Learn more about how we de-identify data in our ONS guide to data de-identification video.

At the Office for National Statistics (ONS), we collect and process data, to create statistics that help us understand the UK's economy, society and population.

It is important that when we use data, we do it in a way that respects the privacy of individuals and businesses.

One of the ways that we can reduce the risk of someone being identified is by “de-identifying” the data.

What does de-identifying data mean?

De-identifying data means removing any personal information that would allow you to be directly identified. For example, your name, address or date of birth.

How does data de-identification work?

De-identification works by removing personal information from data that would allow someone to be identified. This includes names, addresses and dates of birth. If needed, we can also create a new reference number that relates to but does not identify an individual.

Researchers from the ONS who have been given permission to access the data can use the new reference number to analyse and link it with other sources of data. They can now do this without revealing an individual’s or business’s personal information.

Using de-identified data to create statistics

Before we can publish statistics, they must go through a process to remove anything that might identify someone. Controls are in place to make sure that data cannot be re-identified during this process.

It is our legal and ethical duty to do this. These methods help to further reduce the risk of someone being identified, even after personal information has been removed.

After processing, we use statistical disclosure control methods to make sure no one can be identified in our statistics.

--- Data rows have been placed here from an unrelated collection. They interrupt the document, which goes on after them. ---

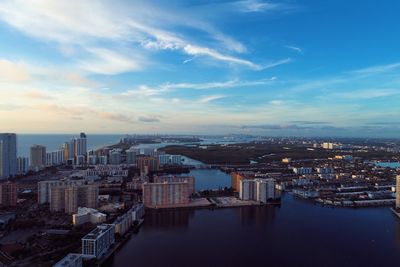 High angle view of river by buildings in city against sky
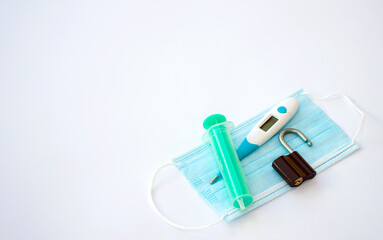Thermometer, padlock and a syringe lying on a surgical face mask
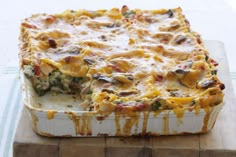 a casserole dish with broccoli, cheese and other toppings on a cutting board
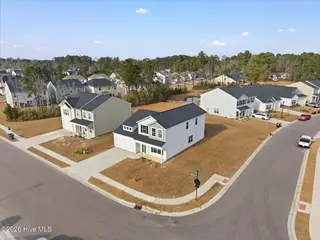 4499 Parsons Mill Drive, Castle Hayne, NC 28429 – photo 1: 02-DJI_20260108140850_0101_D-Edit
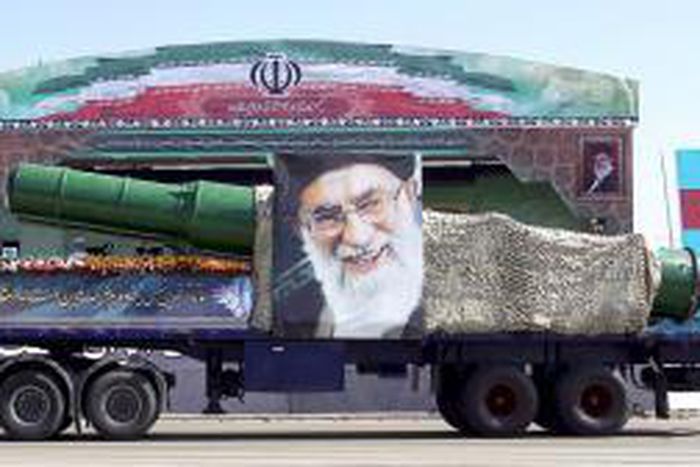 A military truck carrying a missile and a picture of Iran"s Supreme Leader Ayatollah Ali Khamenei is seen during a parade marking the anniversary of the Iran-Iraq war (1980-88) in Tehran, in this September 22, 2015 file photo.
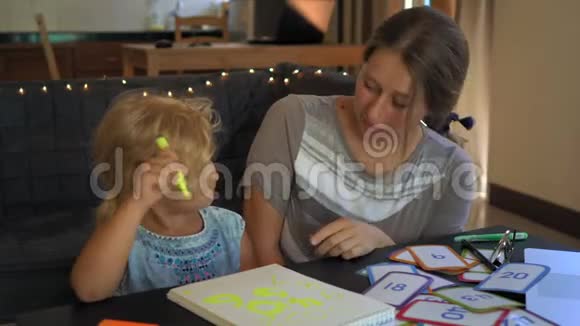 教师家庭教育的导师老师或妈妈和一个小女孩坐在桌旁家庭教育理念视频的预览图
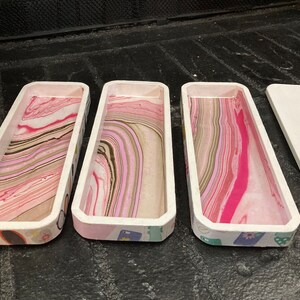May include: Three rectangular wooden trays with white rims and colorful marbled interiors. The trays have a decorative patterned exterior. A white lid with a small knob is next to the trays. The trays are ideal for organizing small items.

Statistical disclosure control might involve:

  • grouping data together
  • removing elements of the data
  • changing the way numbers are presented, such as changing a real number into a percentage

Alongside these methods, we will consider:

  • the rights of the people who shared their data
  • where the information will be published
  • how and why the data were collected
  • how the statistics help the public good

There will be many more factors, but the specific methods we use will be different in each case. We log a list of all the decisions we make and the methods we use.

Learn more about our statistical disclosure control methods.

Why is data de-identification important?

Data de-identification protects people’s personal information. This allows researchers to use sensitive data safely and securely. By analysing it in greater detail, they can create statistics that give a more complete picture of society’s needs. By de-identifying data we:

  • protect people’s privacy
  • are compliant with legislation and security requirements
  • can securely link with other data sources
  • can share analysis for better decision-making, while protecting people’s personal information

Our de-identification policy gives an outline of the principles we follow when we produce statistics.